When they passed the Red Sea, Miriam and the maidens danced in chorus with singing and the beating of the timbrel (tambour). (Exodus xv. v. 1.)

Fig. 7: Female figure smelling a lotus. From a painting in the British Museum.

King David not only danced before the ark (2 Samuel vi. v. 16), but mentions dancing in the 149th and 150th Psalm. Certain historians also tell us that they had dancing in their ritual of the seasons. Their dancing seems to have been associated with joy, as we read of "a time to mourn and a time to dance"; we find (Eccles. iii. v. 4) they had also the pipes: "We have piped to you and you have not danced" (Matthew xi. v. 17). These dances were evidently executed by the peoples themselves, and not by public performers.

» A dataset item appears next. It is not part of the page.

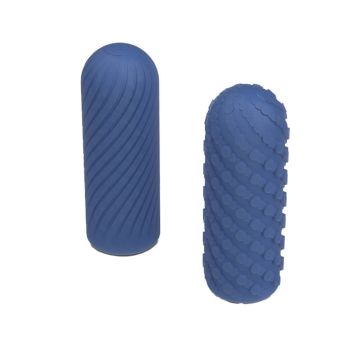 Arcwave Ghost Reversible Textured Male Stroker - Blue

Fig. 8: Dance of Bacchantes, painted by the ceramic painter, Hieron. (British Museum.)

FOOTNOTES

[Footnote 1]: Egyptian music appears to have been of a complicated character and the double pipe or flutes were probably reeded, as with our clarionet. The left pipe had few stops and served as a sort of hautboy; the right had many stops and was higher. The single pipe, (a) "The recorder" in the British Museum, is a treble of 10-1/2 in. and is pentaphonic, like the Scotch scale; the tenor (b) is 8-3/4 in. long and its present pitch—

[Footnote 2]: Vol. i., p. 503-8.

[Footnote 3]: There is a picture of an Egyptian gauffering machine in Wilkinson, vol. i., p. 185.